**TRY IT**
Begin at the line below that has "Aarkstore - NFM" and stop after the line that has "Brushland (WCD-BK326) - rare". Please restate only those lines, word for word.

**THE DATA**
:::::

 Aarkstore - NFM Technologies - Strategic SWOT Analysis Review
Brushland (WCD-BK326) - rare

:::::

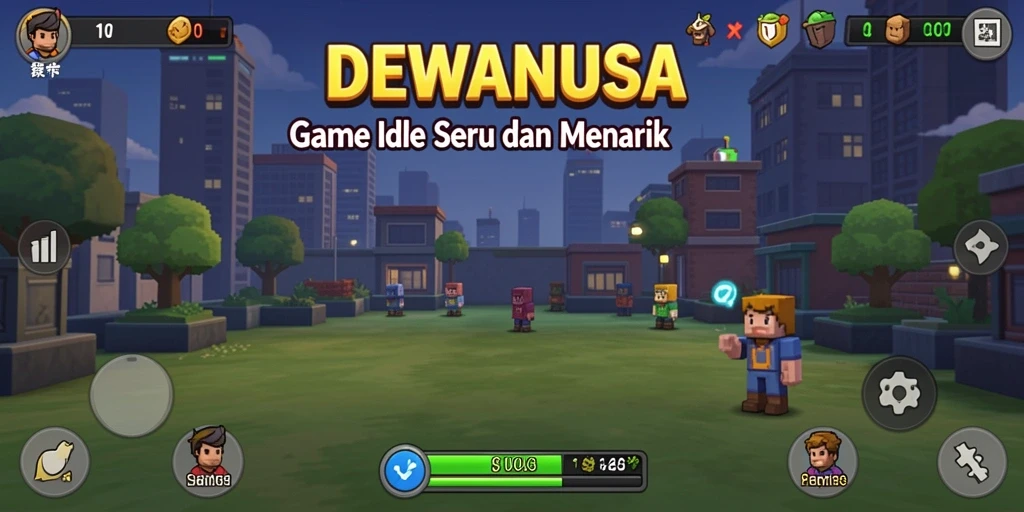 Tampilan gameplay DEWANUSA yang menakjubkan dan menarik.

:::::

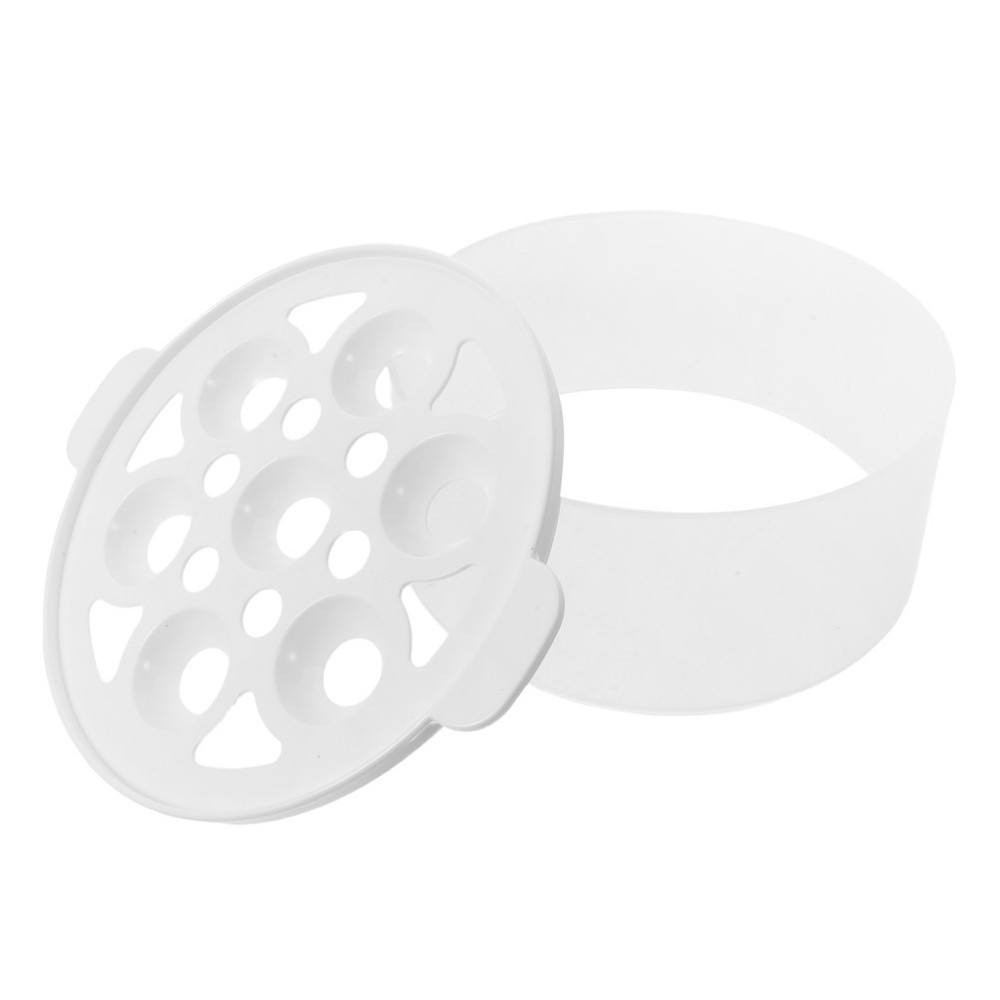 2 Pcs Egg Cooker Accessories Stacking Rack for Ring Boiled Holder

:::::

**EXERCISE RESULT**
 Aarkstore - NFM Technologies - Strategic SWOT Analysis Review
Brushland (WCD-BK326) - rare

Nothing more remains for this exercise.